# 280 volt single phase ??



## brian john (Mar 11, 2007)

There are a variety of issues that may be going on here but we need more information.

Voltage Readings

A-B, B-C, C-A

A-Ground, B-Ground, C-Ground

A-Neutral, B-Neutral, C-Neutral

Neutral to Ground

These readings should be taken with a True RMS multimeter


----------



## MDShunk (Jan 7, 2007)

Oh, my! 

Have you taken those measurements with a true-RMS meter, or a regular meter? In any event, my 'oh my!' comment still stands. 

Is your 208 coming from your own transformer or the utility's?


----------



## Joe Momma (Jan 23, 2007)

I thought he said 280 line to line, and 141 line to ground.
Either way I have no guess about the 280, but the 141 sounds like an open neutral. And it appears to be a single phase system(no 'C')

But it seems no one else has any guesses either, some true troubleshooter's round here

In any event what did the other phase read to ground?
If it's an open neutral it would read the difference of 280(possibly 240) minus 141.
If you see one of those possiblility's and this is not from a transformer inside the building then it is the utility company's problem.

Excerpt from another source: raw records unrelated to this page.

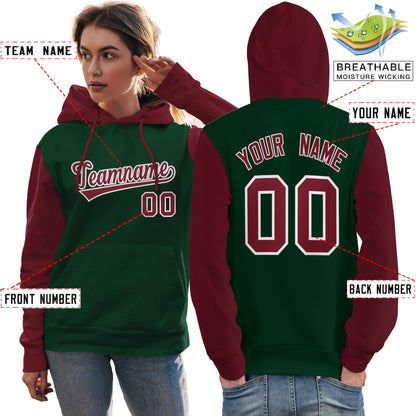 Custom Green Crimson-White Raglan Sleeves Pullover Personalized Team Sweatshirt Hoodie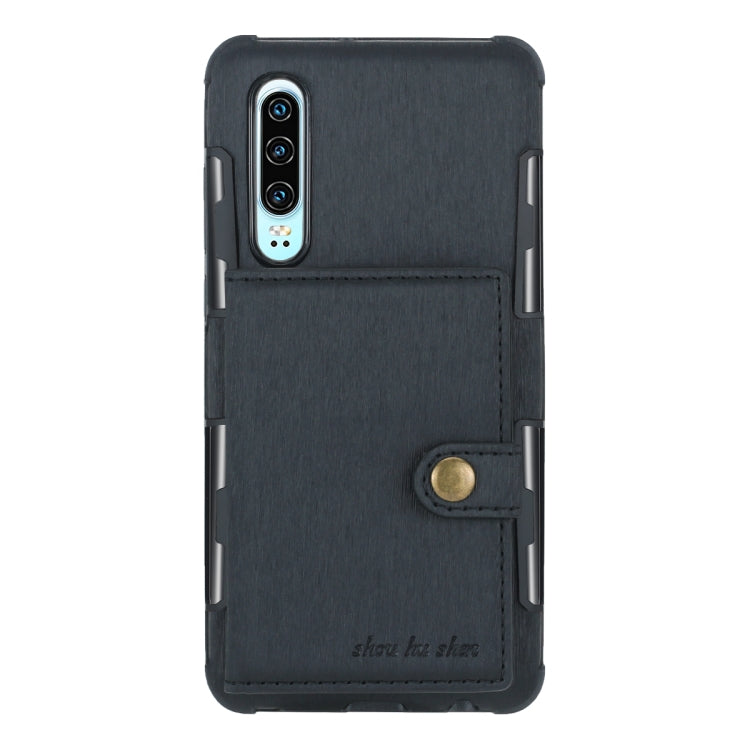 For Huawei P30 Brushed Texture Shockproof PU + TPU Case, with Card Slots & Wallet & Photo Frame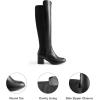 DREAM PAIRS Women’s Knee High Stretchy Fashion Boots(Black-pu)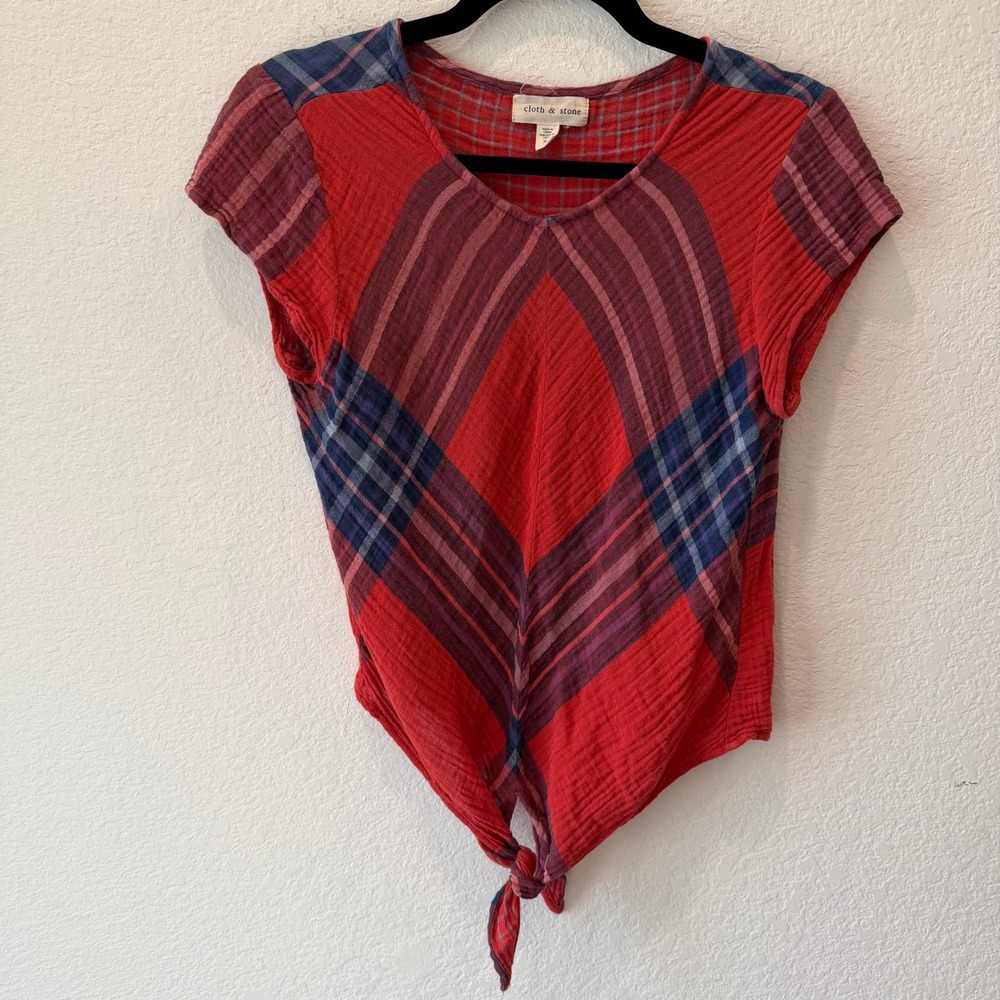 Cloth & Stone Red Plaid Tie Front Double Gauze Top V-Neck Short Sleeve XS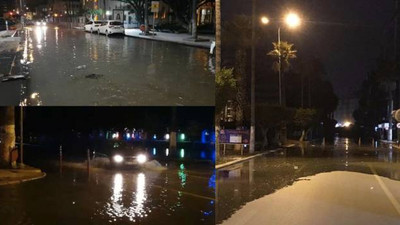 İskenderun'de deniz yükseldi, sahil yolu su altında kaldı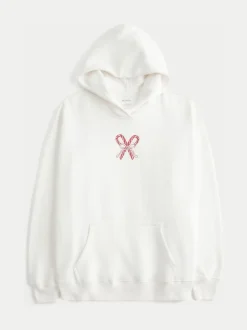 Wit - Hollister Christmas Back Graphic Boyfriend Hoodie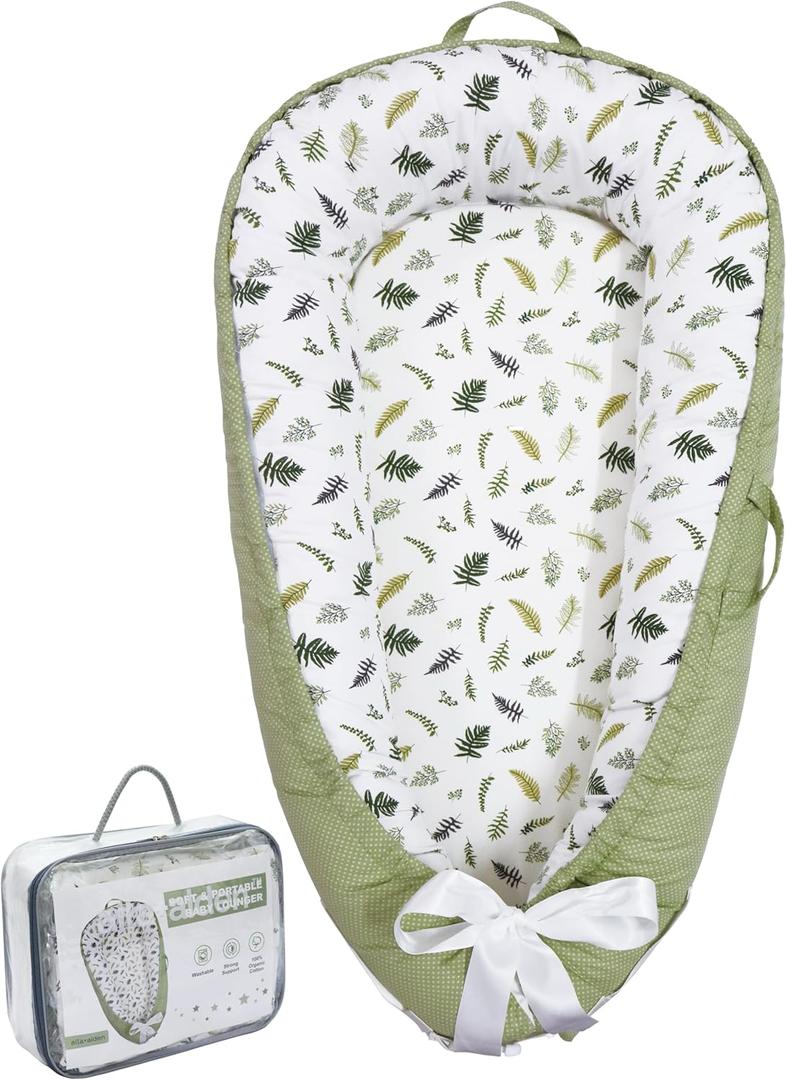 Aila+Aiden Baby Lounger | Organic Cotton Infant Lounger | Reversible, Adjustable & Portable Floor Lounger |Supervised Use | Soft, Breathable, Washable Cover - Star Collection (Sage Leaf)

Check that out, or I could ask even more redundant questions (C phase, and 208) if that might help......


----------



## shazam (Apr 16, 2007)

Joe Momma is right, it is single phase NO 208 NO C

The other leg also read 141 to ground.

I have to do some further investigating. I will let you know what I find.


----------



## brian john (Mar 11, 2007)

Try this again.

What is the line to line voltage.

What is the line (L1 and L2) to neutral voltage.

What is the neutral to ground voltage.

We can't figure out whats wrong if we do not have the information.


----------



## brian john (Mar 11, 2007)

Without the full information, my guess would be (since your reading on one line is 141 VAC to ground) is your system is not grounded and the system is "floating" or ungrounded. Though as Joe mentioned there may be an open neutral, depending on where you are taking the readings.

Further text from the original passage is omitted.